Defending Indigenous Lands and Waters in Honduras: The Case of Rio Blanco

Defending Indigenous Lands and Waters in Honduras: The Case of Rio Blanco
Sunday, 15 September 2013 13:07 By Beverly Bell and Tory Field, Other Worlds | Harvesting Justice Series

On September 12, Berta Caceres, Tomás Gomez, and Aureliano Molina, leaders of the indigenous Lenca organization Council of Popular and Indigenous Organizations of Honduras (COPINH) must appear in court. Their charges? Usurpation of land, coercion, and causing more than $3 million in damages to DESA, a hydroelectric dam company. Berta, the general coordinator of COPINH and an internationally recognized social movement leader, is also facing separate charges of illegally carrying arms “to the danger of the internal security of Honduras.”

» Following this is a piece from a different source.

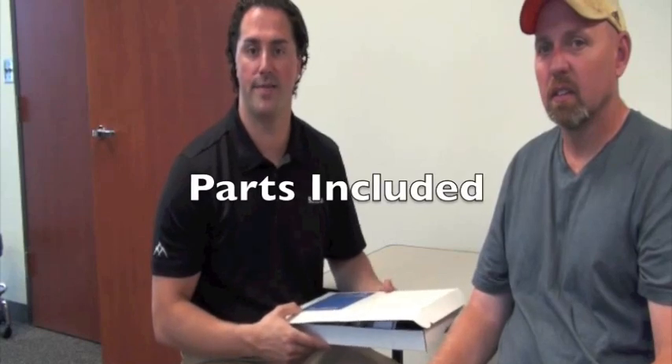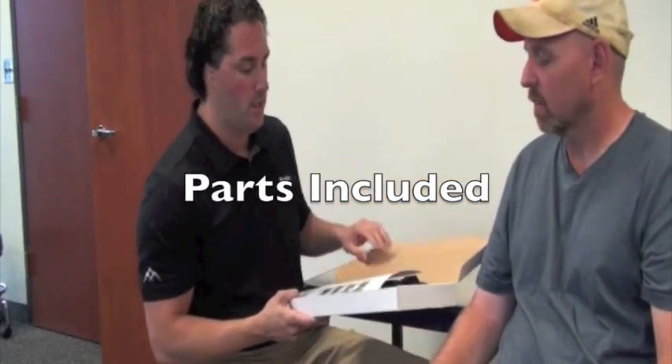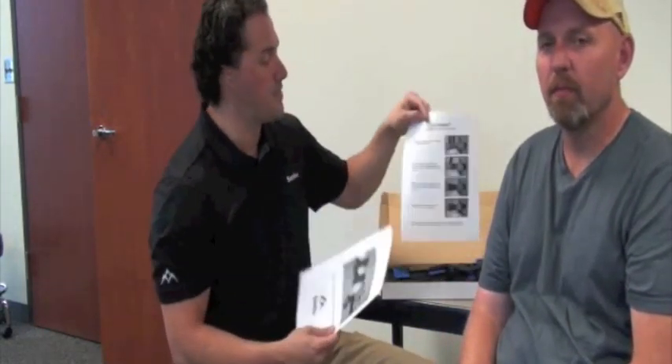When your Sabo Stretch arrives, it'll come to you flat in a box. You'll notice there's a Sabo Stretch manual for you to review on the proper fitting of the device. You'll also notice there's a Sabo Stretch quick fitting guide, which is a step-by-step guide on how to quickly put the device on.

The Honduran-owned and foreign-financed company has been attempting to build a dam on the sacred Gualcarque River in the Lenca community of Rio Blanco. Community members have blockaded the road against the company, thwarting the dam’s construction, for over five months.

The charges brought against the three indigenous rights defenders are part of a strategy of physical, legal, and political suppression by the Honduran government and industries to break indigenous resistance to mining, damming, logging, and drilling. The exploitation of indigenous lands, and the riches upon them, are being imposed without the communities’ consent. This is in violation of the Honduran constitution and of Convention 169 of the International Labor Organization which requires free, prior, and informed consent by indigenous peoples before anything can be built on, or taken from, their lands.

Indigenous communities that are part of COPINH alone have well over a dozen extraction concessions upon them. Dozens more are advancing throughout the country. All were approved by laws passed by an unconstitutional congress that was voted in under an illegal government that took power in a 2009 coup d’etat. The US government was firmly behind the coup.